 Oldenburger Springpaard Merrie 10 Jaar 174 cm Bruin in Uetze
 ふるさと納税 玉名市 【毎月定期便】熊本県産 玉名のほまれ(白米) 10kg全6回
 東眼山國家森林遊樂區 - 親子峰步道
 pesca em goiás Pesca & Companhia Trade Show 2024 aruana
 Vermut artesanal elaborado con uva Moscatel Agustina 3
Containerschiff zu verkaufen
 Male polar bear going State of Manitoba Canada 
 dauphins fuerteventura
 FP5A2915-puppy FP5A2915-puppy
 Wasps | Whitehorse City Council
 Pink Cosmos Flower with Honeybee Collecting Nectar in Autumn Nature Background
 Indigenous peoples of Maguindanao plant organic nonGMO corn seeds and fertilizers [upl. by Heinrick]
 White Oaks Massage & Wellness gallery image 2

────

**Problem:** Each line from the one holding "FP5A2915-puppy FP5A2915-puppy" through the last line of the data is to be transcribed exactly, with nothing else added.

**Exercise output:**
 FP5A2915-puppy FP5A2915-puppy
 Wasps | Whitehorse City Council
 Pink Cosmos Flower with Honeybee Collecting Nectar in Autumn Nature Background
 Indigenous peoples of Maguindanao plant organic nonGMO corn seeds and fertilizers [upl. by Heinrick]
 White Oaks Massage & Wellness gallery image 2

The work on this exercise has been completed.